Corresponding author: Mei-Xia Zhang, MD, Chief Physician, Professor, Department of Ophthalmology and Research Laboratory of Macular Disease, West China Hospital, Sichuan University, No. 37 Guoxue Lane, Wuhou District, Chengdu 610041, Sichuan Province, China. zhangmeixia@scu.edu.cn
Received: July 10, 2025 Revised: September 20, 2025 Accepted: December 2, 2025 Published online: January 15, 2026 Processing time: 188 Days and 22.6 Hours
Abstract
BACKGROUND
Proliferative diabetic retinopathy (PDR) is a major cause of vision loss, often requiring pars plana vitrectomy (PPV). Systemic and intraocular metabolic alterations, including dysregulation of homocysteine (Hcy) and uric acid (UA), may influence surgical outcomes. While prior studies suggest associations between these biomarkers and retinal pathology, the role of these biomarkers in postoperative prognosis remains unclear. This study hypothesized that elevated serum and vitreous Hcy and UA levels are associated with visual, structural, and microvascular changes following PPV in patients with PDR.
AIM
To evaluate the associations between serum and vitreous Hcy/UA concentrations with postoperative outcomes in patients with PDR following PPV.
METHODS
In this prospective observational study at a tertiary care center, 44 patients with PDR and 46 non-diabetic controls undergoing PPV between June 2021 and December 2022 were enrolled. Serum and vitreous Hcy and UA levels were measured. Best-corrected visual acuity, multimodal retinal imaging, and capillary density metrics were evaluated preoperatively and postoperatively. Correlation analyses assessed the relationships between biomarkers and clinical outcomes.
RESULTS
Patients with PDR showed significantly higher serum and vitreous Hcy and UA concentrations compared to those of controls. Serum Hcy and UA levels correlated with vitreous levels. In patients with PDR, elevated vitreous Hcy correlated with worse best-corrected visual acuity at 1 day and reduced peripapillary retinal nerve fiber layer thickness at 7 days and 90 days. It also correlated with foveal avascular zone enlargement at 90 days and inferior superficial capillary plexus (SCP) width density at 7 days. Vitreous UA had negative correlations at 30 days with nasal SCP length density and temporal/inner ring SCP width density.
CONCLUSION
Vitreous, but not serum, Hcy predicts post-PPV impairment, underscoring the prognostic value of the local ocular environment over systemic factors in PDR.

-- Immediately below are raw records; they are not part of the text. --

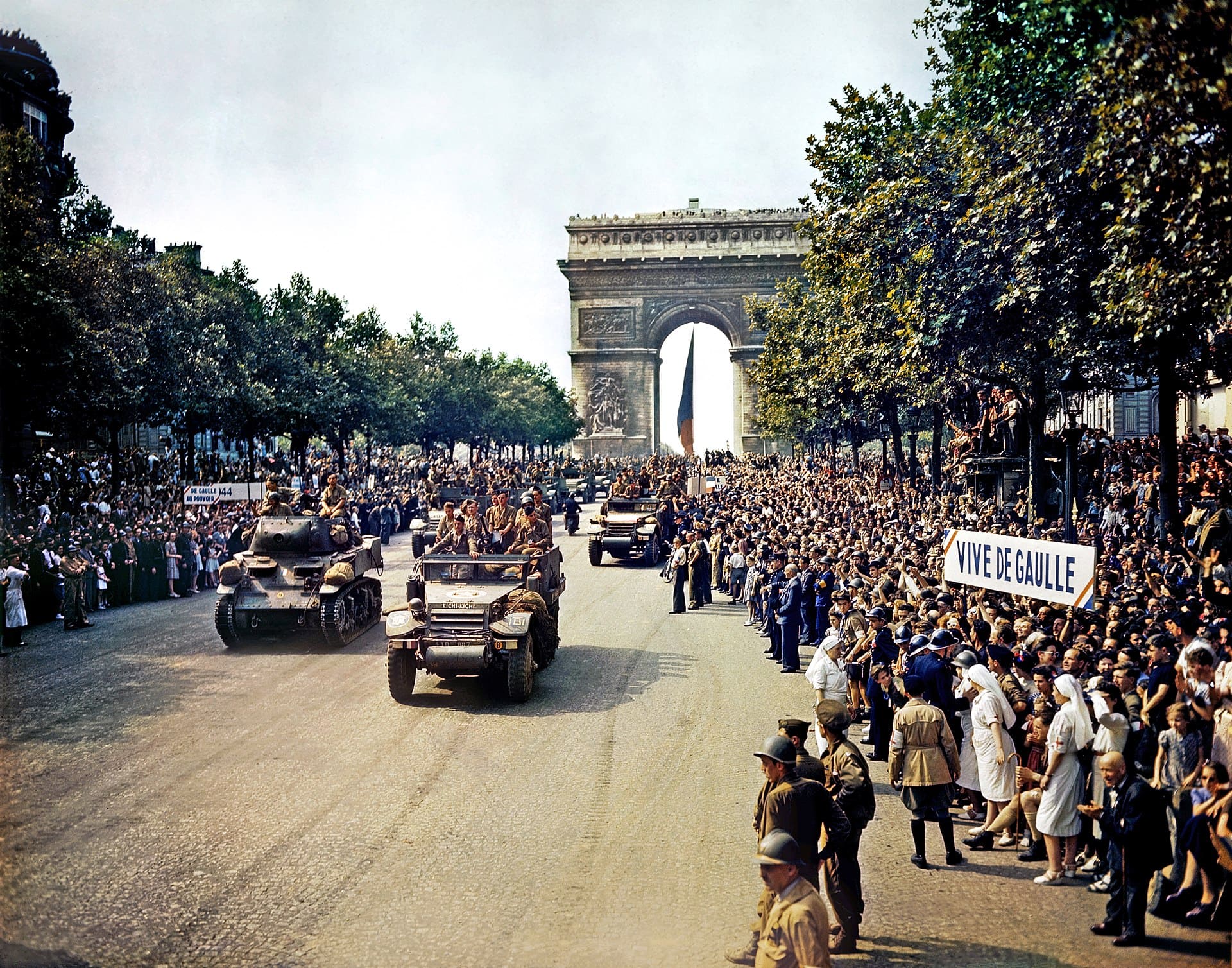The French Second Armored Division of General Philippe Leclerc de Hauteclocque parades on the Champs-Élysées on 26 August, 1944. 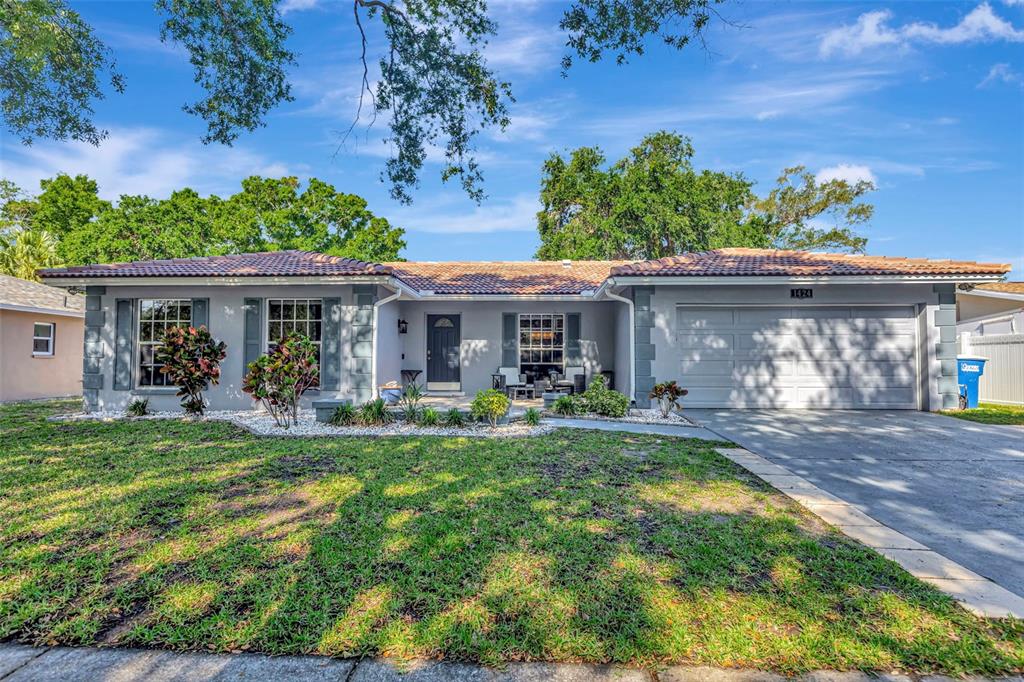 A single-story house with a gray exterior, a tiled roof, and a two-car garage — 1424 STEWART BOULEVARD, CLEARWATER, FL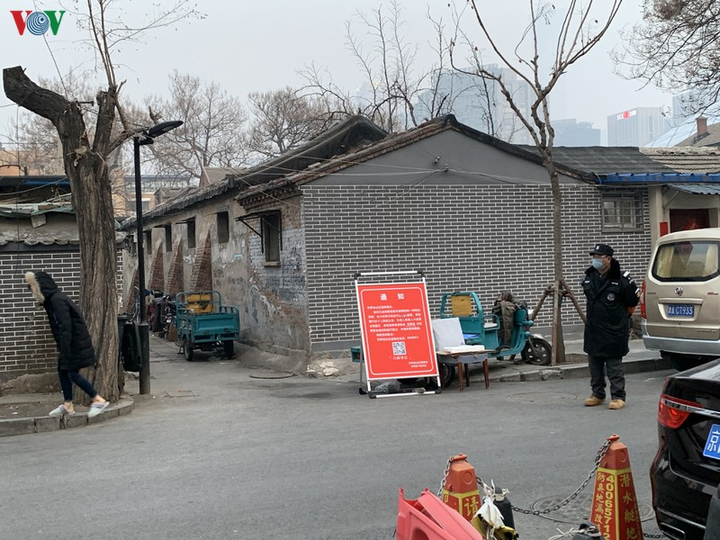 Ảnh: Đường phố Bắc Kinh vắng lặng vì dịch Covid-19 - 14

Core Tip: This study demonstrates that vitreous homocysteine and uric acid are significantly elevated in patients with proliferative diabetic retinopathy, reflecting localized ocular pathology. Unlike their serum counterparts, elevated vitreous homocysteine specifically correlates with worse early visual acuity, progressive retinal nerve fiber layer thinning, and delayed microvascular impairment after pars plana vitrectomy, positioning it as a superior, compartment-specific predictor of multidimensional postoperative outcomes.